Minister energii Izraela Juwal Steinitz ocenił we wtorek, że wzbogacenie wystarczającej ilości uranu, by skonstruować bombę atomową może zająć Iranowi sześć miesięcy. To dwa razy dłużej niż wynika z szacunków nowego szefa dyplomacji USA Antony'ego Blinkena.
Jak powiedział Steinitz w wywiadzie dla radia publicznego, Iran potrzebuje "około pół roku", by wzbogacić posiadany uran do poziomu wystarczającego do budowy bomby. Całkowite skonstruowanie broni nuklearnej to jego zdaniem kwestia 1-2 lat. Jak dodał, działania podjęte przez USA za prezydentury Donalda Trumpa "poważnie zaszkodziły projektowi jądrowemu Iranu".
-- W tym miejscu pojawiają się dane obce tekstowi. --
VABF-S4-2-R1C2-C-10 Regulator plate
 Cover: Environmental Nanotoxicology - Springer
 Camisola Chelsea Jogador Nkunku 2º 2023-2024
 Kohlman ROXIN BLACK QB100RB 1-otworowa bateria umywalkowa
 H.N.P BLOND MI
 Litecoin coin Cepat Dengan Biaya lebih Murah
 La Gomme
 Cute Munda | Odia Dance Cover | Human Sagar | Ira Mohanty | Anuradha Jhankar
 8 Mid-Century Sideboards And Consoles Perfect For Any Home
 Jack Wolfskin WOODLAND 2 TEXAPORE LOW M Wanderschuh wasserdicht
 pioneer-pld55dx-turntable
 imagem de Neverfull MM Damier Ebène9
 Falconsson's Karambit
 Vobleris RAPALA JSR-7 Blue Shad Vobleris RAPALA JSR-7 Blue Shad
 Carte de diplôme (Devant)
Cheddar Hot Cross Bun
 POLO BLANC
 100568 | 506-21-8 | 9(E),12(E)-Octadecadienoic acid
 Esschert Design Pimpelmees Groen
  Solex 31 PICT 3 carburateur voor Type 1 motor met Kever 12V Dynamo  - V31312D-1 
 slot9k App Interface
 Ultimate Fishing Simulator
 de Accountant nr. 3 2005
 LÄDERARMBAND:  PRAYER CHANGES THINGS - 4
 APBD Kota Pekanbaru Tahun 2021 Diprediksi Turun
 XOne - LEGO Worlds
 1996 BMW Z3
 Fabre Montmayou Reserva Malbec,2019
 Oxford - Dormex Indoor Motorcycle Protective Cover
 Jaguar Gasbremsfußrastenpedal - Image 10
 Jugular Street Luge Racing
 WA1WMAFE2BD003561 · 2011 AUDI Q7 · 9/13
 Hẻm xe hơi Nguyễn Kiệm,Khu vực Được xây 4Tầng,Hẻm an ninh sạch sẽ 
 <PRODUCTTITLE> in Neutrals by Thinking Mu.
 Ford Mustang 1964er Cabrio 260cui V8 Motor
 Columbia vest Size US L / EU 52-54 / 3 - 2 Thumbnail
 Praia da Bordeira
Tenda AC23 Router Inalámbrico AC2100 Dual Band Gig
Ocena izraelskiego ministra stoi w sprzeczności z diagnozą postawioną przez nowego sekretarza stanu USA Antony'ego Blinkena, który stwierdził, że czas potrzebny do uzyskania wysoko wzbogaconego uranu przez Iran skrócił się za kadencji Trumpa od ponad roku do 3-4 miesięcy. Według Blinkena była to konsekwencja wyjścia USA z porozumienia nuklearnego z Iranem, które nakładało ograniczenia na program atomowy tego kraju. Izrael był jednym z największych krytyków porozumienia i wspierał politykę administracji Trumpa.
Według ostatnich szacunków Międzynarodowej Agencji Energii Atomowej, od czasu wyjścia USA z umowy Iran ponad 10-krotnie zwiększył ilość posiadanego wzbogaconego uranu i ma go obecnie 2,4 tony. Teheran zwiększył też poziom wzbogacenia materiału, z 4,5 proc. do 20 proc. Do konstrukcji broni jądrowej potrzebny jest uran wzbogacony do poziomu 90 proc.